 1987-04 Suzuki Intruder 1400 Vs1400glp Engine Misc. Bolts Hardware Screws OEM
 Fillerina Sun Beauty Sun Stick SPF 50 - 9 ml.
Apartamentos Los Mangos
* * *
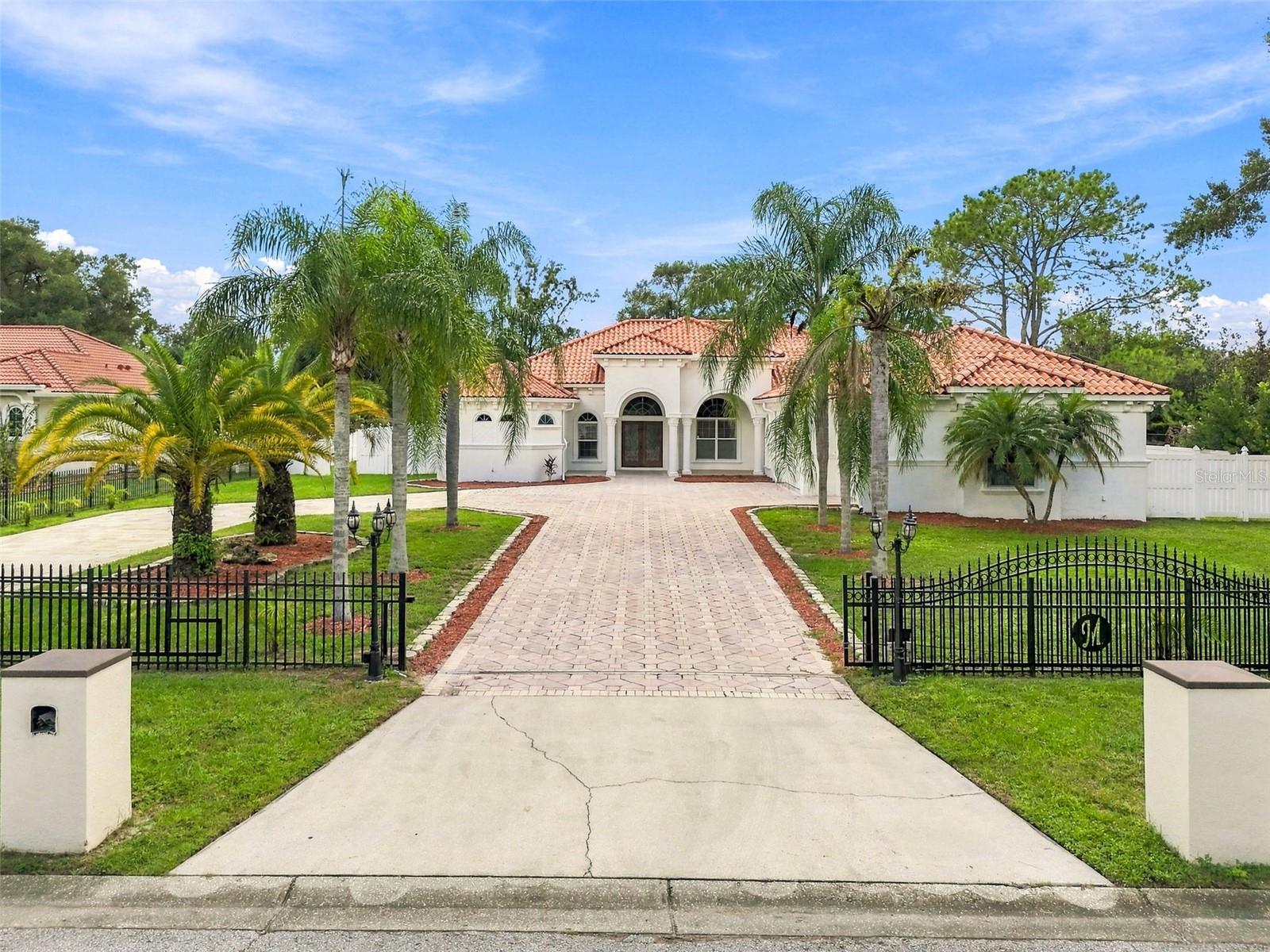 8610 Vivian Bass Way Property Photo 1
---
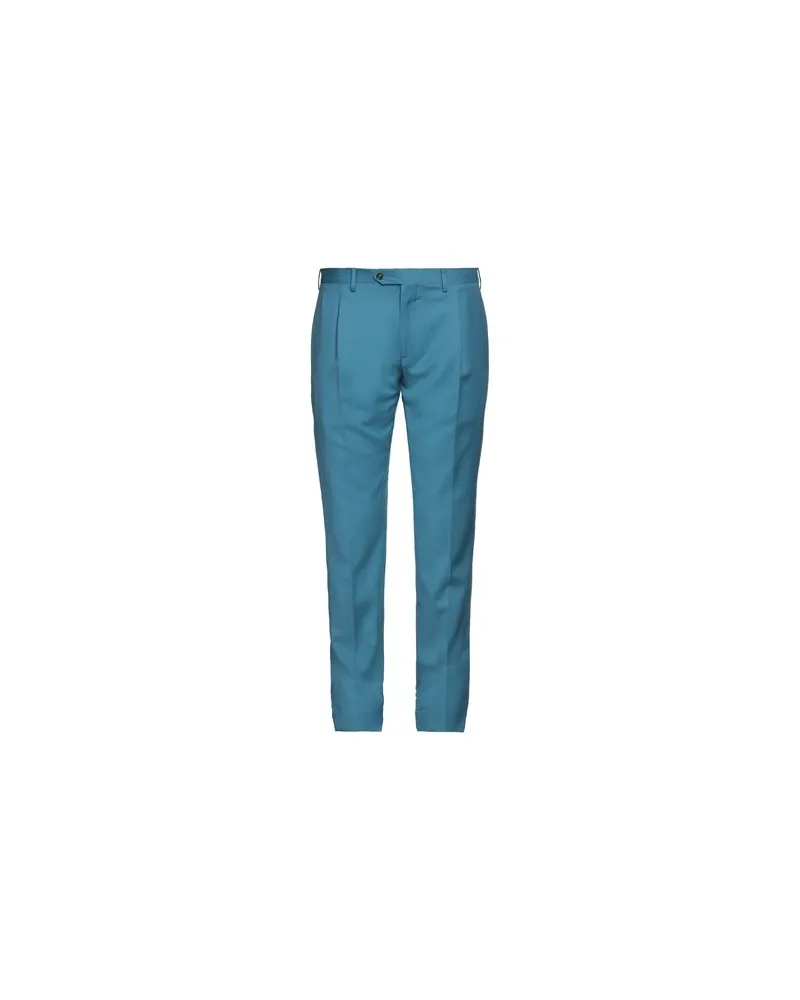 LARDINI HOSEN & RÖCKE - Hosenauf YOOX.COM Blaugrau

▶ [Work request]: From the records above, quote only the lines running from the line with "1987-04 Suzuki Intruder" to the line with "Apartamentos Los Mangos", both lines included.

▶ [Exercise output]:
 1987-04 Suzuki Intruder 1400 Vs1400glp Engine Misc. Bolts Hardware Screws OEM
 Fillerina Sun Beauty Sun Stick SPF 50 - 9 ml.
Apartamentos Los Mangos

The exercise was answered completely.